> _Brief_: Give the lines below again exactly, starting with the line that holds "DA Asked to" and going on through the line that holds "The Omaha floor".

> _Input records_:
■ ■ ■

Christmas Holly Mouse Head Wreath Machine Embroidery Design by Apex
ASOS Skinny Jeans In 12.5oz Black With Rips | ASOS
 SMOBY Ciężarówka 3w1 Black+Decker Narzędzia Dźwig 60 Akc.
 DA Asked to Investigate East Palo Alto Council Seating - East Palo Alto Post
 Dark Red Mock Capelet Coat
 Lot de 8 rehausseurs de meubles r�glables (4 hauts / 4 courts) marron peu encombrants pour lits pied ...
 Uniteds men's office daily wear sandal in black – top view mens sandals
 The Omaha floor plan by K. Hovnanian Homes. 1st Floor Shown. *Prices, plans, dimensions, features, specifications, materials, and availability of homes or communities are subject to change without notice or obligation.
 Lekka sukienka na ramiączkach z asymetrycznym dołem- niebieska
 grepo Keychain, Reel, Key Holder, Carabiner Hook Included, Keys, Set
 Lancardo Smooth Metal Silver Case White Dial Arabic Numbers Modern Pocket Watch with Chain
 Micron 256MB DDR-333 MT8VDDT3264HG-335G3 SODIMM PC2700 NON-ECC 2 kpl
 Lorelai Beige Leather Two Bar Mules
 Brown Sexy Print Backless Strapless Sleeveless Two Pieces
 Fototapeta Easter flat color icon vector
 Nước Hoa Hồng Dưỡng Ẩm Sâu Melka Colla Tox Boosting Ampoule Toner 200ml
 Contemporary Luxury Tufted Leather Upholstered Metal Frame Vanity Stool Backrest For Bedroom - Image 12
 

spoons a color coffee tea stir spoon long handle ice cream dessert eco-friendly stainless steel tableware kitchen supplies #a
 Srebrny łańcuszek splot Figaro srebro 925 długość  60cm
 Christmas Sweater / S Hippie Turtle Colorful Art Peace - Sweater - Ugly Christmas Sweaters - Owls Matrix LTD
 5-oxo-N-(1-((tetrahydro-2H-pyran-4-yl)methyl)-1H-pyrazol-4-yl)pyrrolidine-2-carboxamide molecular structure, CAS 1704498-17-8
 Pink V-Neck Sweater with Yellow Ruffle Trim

■ ■ ■

> _Task result_:
 DA Asked to Investigate East Palo Alto Council Seating - East Palo Alto Post
 Dark Red Mock Capelet Coat
 Lot de 8 rehausseurs de meubles r�glables (4 hauts / 4 courts) marron peu encombrants pour lits pied ...
 Uniteds men's office daily wear sandal in black – top view mens sandals
 The Omaha floor plan by K. Hovnanian Homes. 1st Floor Shown. *Prices, plans, dimensions, features, specifications, materials, and availability of homes or communities are subject to change without notice or obligation.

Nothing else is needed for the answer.